Los febreros de Lea Kovensky son más cortos de los cortos que ya son. La ansiedad le consume el mes. Aprendió a entrar a marzo, su cruz en el almanaque, con un ideario preventivo. Entrenó su psiquis para acelerar el paso y aligerar el peso del mes. Dice que cada vez que empieza trata de “estar atenta”: sube la guardia. Los marzos que siguieron a ese marzo alimentaron el estigma. Son los días en los que más se enoja, más se pelea, más descontextualiza las cosas y las relaciones, más se tropieza, más se lastima, más le duele el cuerpo. “Aunque aparenta estar todo normal, internamente está todo convulsionado”, define.
El detonante fue el desgraciado 17 de marzo de 1992, el día que detonó una bomba, una bomba que significó un atentado, un atentado que colocó al país en el teatro de operaciones del terror.
Tiene 67 años y le perdura la tristeza por el sinsentido. Acumuló otros 31 nuevos marzos después de ese marzo bisagra: ninguno volvió a ser un mes normal, ajeno.
La mujer de 36 años que entró a la embajada de Israel a las nueve de la mañana no fue la misma que salió, en andas de un desconocido, sin zapatos, sin una uña, con una máscara de sangre y vidrios en sus pelos, minutos después de las 14:47, la hora exacta de la explosión.
El 17 de marzo de 1992 fue martes: hacía un calor de verano denso. Su jefe, Yehuda, se había ido por un viaje de trabajo que esa tarde debió suspender abruptamente. Su esposa, Anat, era también su secretaria en idioma hebreo y tampoco estaba en la oficina.
Lea disfrutaba de una jornada descomprimida. Ya había concluido con las diligencias diarias: administración de contactos, coordinación de encuentros y reuniones, tareas habituales para la secretaria de un superior que no está. Resultó ser un día de trabajo liviano, con más dosis de ocio que las habituales.

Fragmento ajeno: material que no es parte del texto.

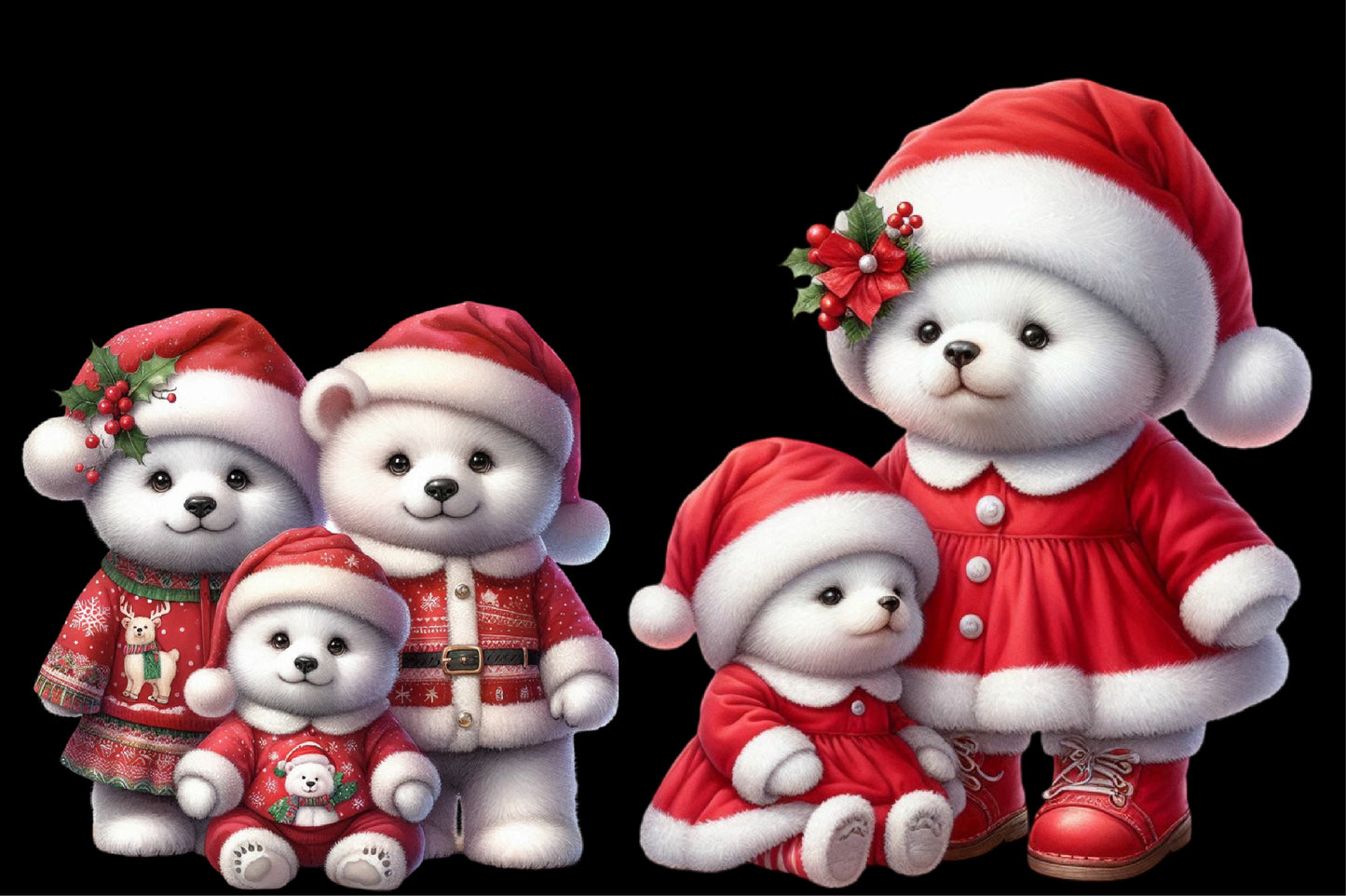 Christmas Bear Family Clipart PNG Bundle | Cute Teddy Bear Christmas Family, Santa Bear, Holiday Bear & Winter Bear Designs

Su oficina ocupaba un rincón de la planta baja, cerca de la esquina de Arroyo y Suipacha, enfrente del hall central del edificio. Ahí trabajaba Mirtha, recepcionista y responsable del conmutador, un armatoste que manipulaba para establecer comunicaciones telefónicas.
Ahí, esa tarde casual, también estaba Enrique, marido de Mirtha, quien había ido a realizar un trámite a la embajada. Los tres compartían una charla amena a la sombra de un artefacto grande, sólido, que Lea usó, literalmente, de respaldo. “Me senté en el conmutador que tenía como una alzada de madera, ahí apoyé mi café y un cigarrillo en el cenicero”, recuerda.
Faltaban pocos minutos para que se hicieran las tres de la tarde. La seguridad interna de la sede diplomática había concluido sus rondas. La policía que custodiaba el edificio desde el exterior no vigilaba la esquina de Arroyo y Suipacha.
Nueve años después, una investigación de la Corte Suprema de Justicia establecerá que a las 14:47 una camioneta Ford F 100, patente C 1275871, subió sus dos ruedas derechas a la vereda para estacionar en el número 916 de la calle Arroyo y detonar una carga explosiva constituida de una mezcla de tetranitrato de pentaeritrita -PETN, pentrita- y de trinitrotolueno -TNT, trotyl-, en una proporción estimada en porcentajes iguales, ubicada en la parte posterior derecha del vehículo.
Lea Kovensky pensó que esa bomba, que ese atentado, había sido una descarga eléctrica del conmutador. Pensó que era la única víctima de ese presunto golpe energético, que lo que había pasado le había pasado solo a ella. No coincidía ese desperfecto con la escena que descubrió al reincorporarse. “La onda me tiró para atrás, me dio vuelta, caí boca abajo. Fui reaccionando, tenía escombros encima mío, me fui desprendiendo de todo, había una nube negra que cubría el edificio, que se fue disipando. Me empecé a dar cuenta de lo que había pasado”, relata.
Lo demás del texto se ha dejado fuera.